If you are having trouble getting your child to do their schoolwork, they may benefit from an incentive system. You can have them trade in work for a specific reward or reward time on a device. Inviting your child into this process will help with adherence to the schedule. If they could pick their preferred and least preferred tasks, determine when they would do them, and help decide what an appropriate rewards might be, you may get more interest and compliance.
If you have found that your child’s screen time has increased dramatically, you are not alone. Some screen time is expected, after all, since it is how we are staying connected these days. But too much time on a phone, gaming device, or computer means they are spending far less time participating in other enriching activities. It may be difficult to reduce the amount of time your child has been on a screen without creating a fight or a meltdown. Try introducing other engaging activities from your category lists that give your child the same boosts that they think they are getting from their screen time. Exercise is an excellent replacement for screen time, and it is a great way to increase your child’s feel good chemicals. Exercise recommendations vary depending on the child’s age, but generally children should have at least one hour of purposeful exercise, with other physical activity throughout the day. This may be difficult to do, given our current restrictions. Creativity is highly encouraged! Make exercise a fun game. For example, how many jumping jacks can they do in a minute, or try dancing to their favorite song. A quick Internet search of “Go Noodle” will bring up many videos for you and your child. Now that some restrictions are lifted, going on nature walks is another great way to get exercise. You can also incentivize exercise time. For every hour of exercise, they may earn half an hour of screen time.
In addition to your child adapting to a new home routine, they may also have many questions about what is happening in the world today. Your child may have fears about themselves or their family members becoming sick. Validating your child’s concerns, and providing a safe place for fears and worries would be helpful. You can remind them about the principles of flattening the curve: that everyone is using physical distancing, washing their hands, monitoring their symptoms, and that healthcare professionals are working as hard as they can to keep everyone safe. They may be wondering when they can see their extended family, friends, and teachers again. Reassure them that, although it seems like these measures have been in place for a while, they are temporary. Things will return to normal when it is safe to do so. This would be a good opportunity for your child to use some screen time to communicate with their family and friends. And take it easy on yourself. You may not know all of the answers to your child’s questions and that is okay. Let them know that you’ll look for the answer and get back to them.
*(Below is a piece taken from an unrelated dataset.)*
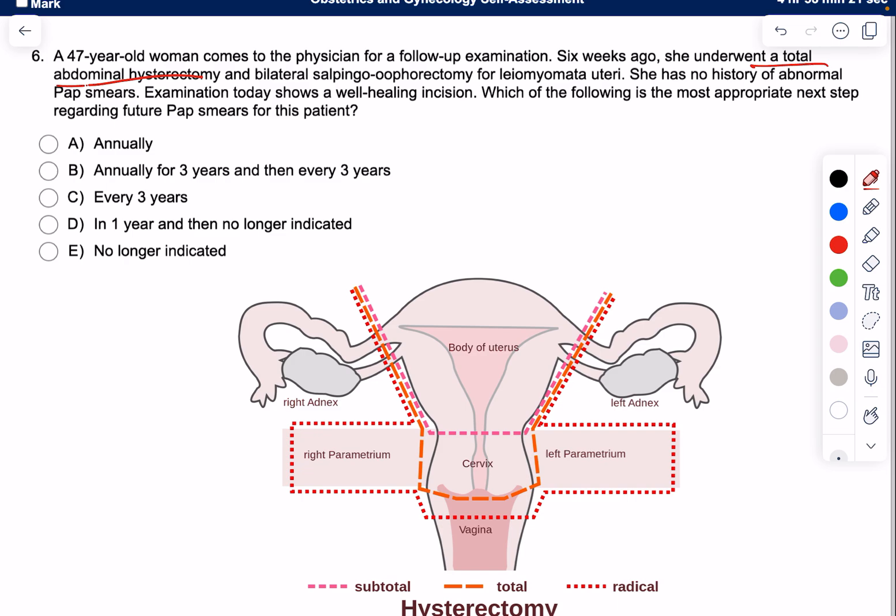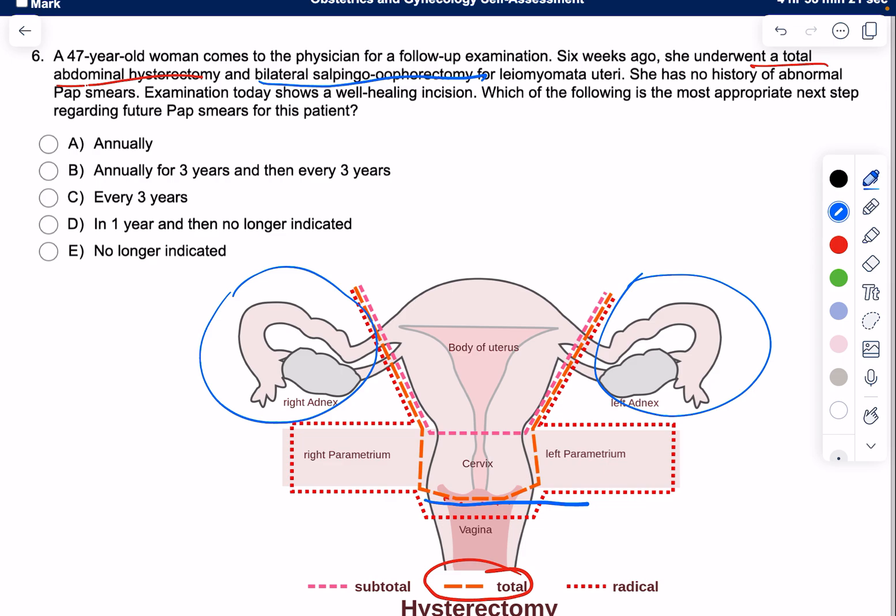As you can see in this picture highlighted in orange, total means removing the entire uterus and the entire cervix, all the way up to here. Bilateral salpingo-oophorectomy means that she removed both her tubes and ovaries. The indication is leiomyoma uteri — she had this done because of fibroids.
Your wellbeing is crucial in managing the stressors of this new normal. Children will take most of their cues from you. How you respond to our current new reality will have a big effect on your child. First and foremost, it is very important to take care of your emotional health. If you are finding that you are having a hard time coping, reach out to a family member, friend, a trusted co-worker, or a therapist. If you are neglecting your own needs, it will be more challenging to manage your family’s needs. These are unique and uncertain times for adults and children alike. Adding structure and routine can help provide some certainty and normalcy to an otherwise ever-changing landscape.